Tanguy Cariou avoue se reconnaître dans cette culture suisse. «Le côté très structuré me correspond parfaitement. Mais nous ne devons pas tomber dans le confort. Il est clair que comparé à d'autres pays, nous n'avons pas à batailler, à sortir de la pauvreté ou du ghetto, pour nous élever socialement. Mais ce n'est pas une raison pour penser qu'en compétition et au niveau international, nous ne pouvons pas jouer des coudes, devenir combattifs et malins.»
«Nous ne devons pas avoir de complexe, s'enhardit Taguy Cariou. Techniquement, nous avons le niveau. Nous devons rapidement transformer l'essai et atteindre le milieu du classement, en nous montrant moins prudents.»

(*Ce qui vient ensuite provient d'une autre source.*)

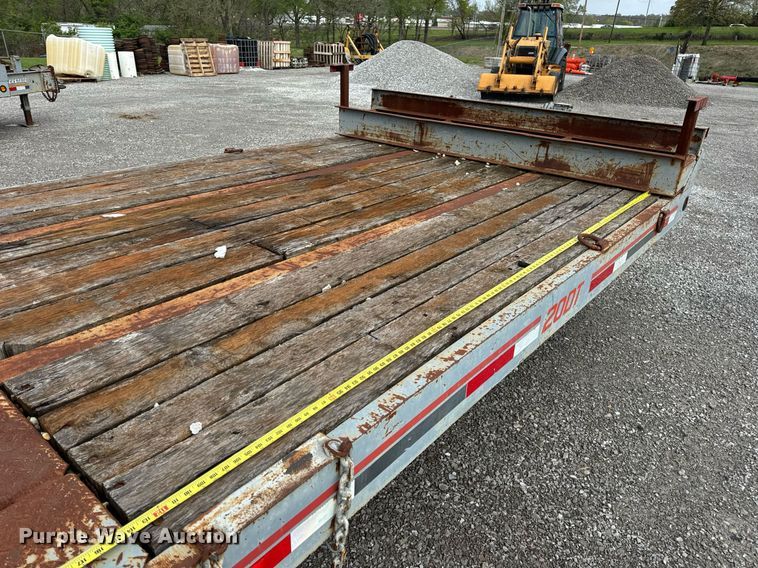 image for item DV1950 2000 Interstate 20DT equipment trailer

Tous les marins sont affiliés à la structure Team Tilt, dont Tanguy Cariou est le PDG. Team Tilt «a été fondée en 2012 pour offrir un parcours et un soutien aux jeunes marins suisses», explique son site internet.
Ce projet est une initiative de l'homme d'affaires genevois Alex Schneiter, triple vainqueur du Bol d'or en monocoque. Son fils Sébastien, skippeur olympique (2016 et 2020), est à la barre en SailGP.
Le SailGP est une compétition de voile calquée sur la Formule 1, lancée en 2019 par le barreur néo-zélandais Russel Coutts, quadruple vainqueur de la Coupe de l'America - notamment avec Alinghi en 2003.
10 «équipes nationales» sont inscrites dans la saison 4 qui a commencé en juin. Le SailGP réunit les meilleurs marins du monde, dont presque tous sont engagés sur la Coupe de l'America. «On retrouve parfois des équipages complets», ajoute Tanguy Cariou.
Contrairement à la F1, les conditions de départ sont les mêmes pour tout le monde: les bateaux (des catamarans à foils de classe F50 à hautes performances), le matériel, les fenêtres d'entraînement et l'accès aux données. Tous les datas de chaque équipage sont disponibles en temps réel et en «open source» pour l'ensemble de la flotte.
Avec ce format, le SailGP évite la course à l'armement et l'espionnage industriel qui prévalent sur la Coupe de l'America, petit frisson de guerre froide pour milliardaires suréquipés. Ici, tous les bateaux sont la propriété de l'organisateur, qui en assure la conception et la maintenance.